For these reasons I cannot conclude that the court of appeals erred to hold that evidence of appellant’s gang membership and of the gang’s activities was admissible in the instant cause. Having said this, I hasten to add a few caveats. First, I agree with Judge Maloney that the jury would not be permitted to infer from appellant’s affiliation with the Crips that he himself has committed specific acts of misconduct, for that would be to admit evidence for a proposition not allowed under Article 37.07, § 3(a) as of the time of his trial, at least as this Court interpreted it in Grunsfeld. Had appellant requested a limiting instruction in the punishment charge requiring the jury to eschew any such inference, in my view he would have been entitled to it.

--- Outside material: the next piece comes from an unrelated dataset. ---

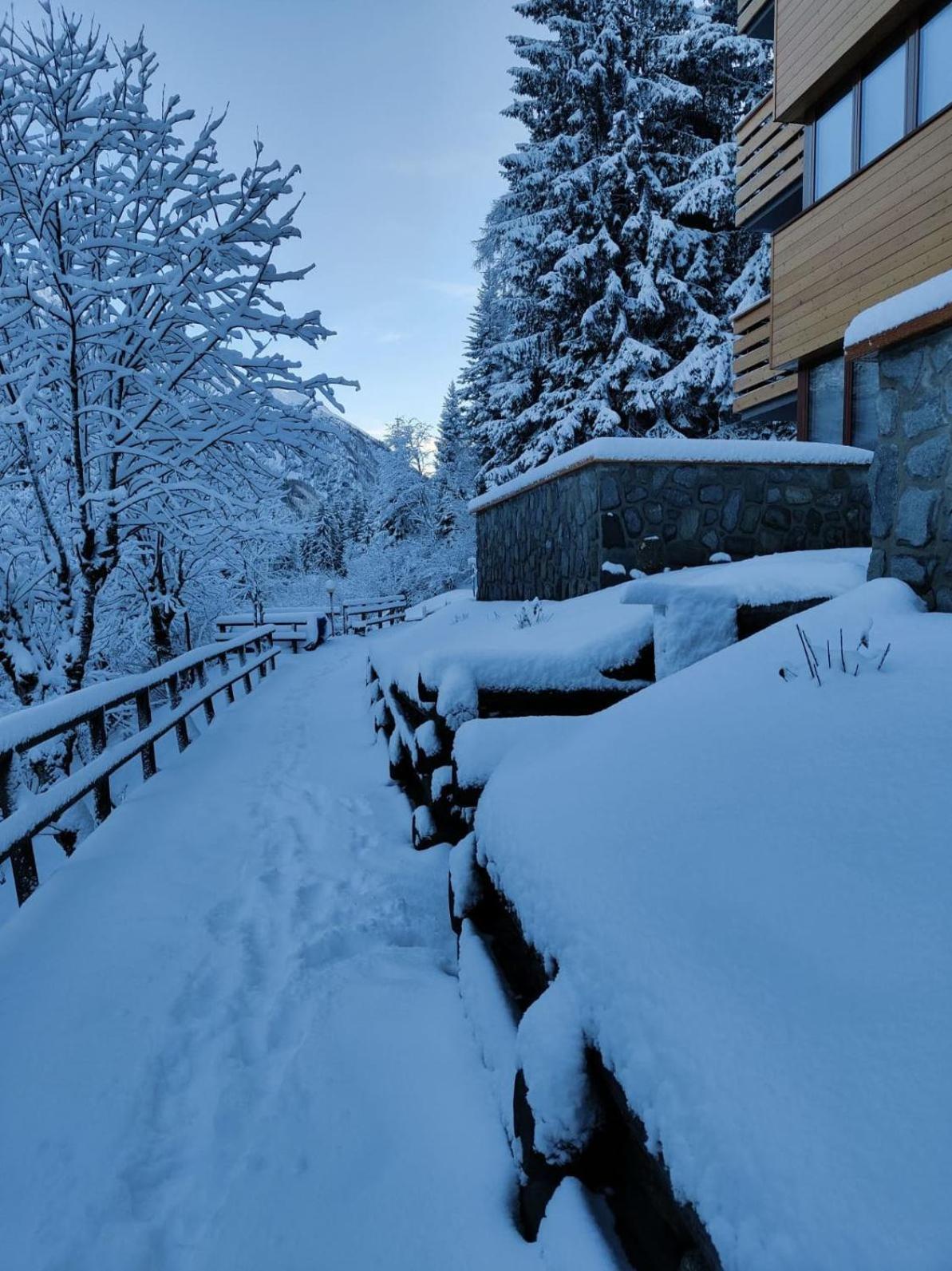 Appartamento I Larici Folgarida Esterno foto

Second, unlike the plurality, I do not believe we can say that evidence of appellant’s gang affiliation, although relevant to his character, is admissible as evidence of character per se, under Article 37.07, § 3(a) and Rule 405. See ante at 458-459. Accordingly, appellant would also have been entitled upon request to a limiting instruction that the jury must not consider appellant’s membership in the Crips as any evidence of his character per se. As to what inference can be drawn from the “circumstance” of his gang membership besides his character per se, I am, quite frankly, unsure. But I cannot say categorically that a jury could not find anything about this “circumstance of the offender” that was useful to its evaluation of a just punishment apart from what it says about appellant’s character. Until I can say that, I am unable to fault the court of appeals’ conclusion that the evidence is admissible under our holding in Murphy.
In short, Article 37.07, § 3(a) does not necessarily operate to prohibit admission either of the fact of appellant’s affiliation with the Crips, or of background evidence informing the jury of the purpose, function and general activities of that group, without which the evidence of his affiliation may be altogether meaningless. Only if the State expressly proffers this evidence solely as character evidence per se does Article 37.07, § 3(a), in tandem with Rule 405, prohibit its admission. To the extent the State may offer it as a “circumstance of the offender,” bearing on proper punishment in some respect apart from his character per se, it should be admitted, Article 37.07, § 3(a) notwithstanding.
The State did not limit its proffer of evidence to whatever tendency it had to prove appellant’s character per se. Nor did appellant request a limiting instruction requiring that the evidence not be considered for that purpose, as, in my view, he would have been entitled to. Accordingly, I join the judgment of the Court affirming the judgment of the court of appeals. However, I cannot join the plurality opinion.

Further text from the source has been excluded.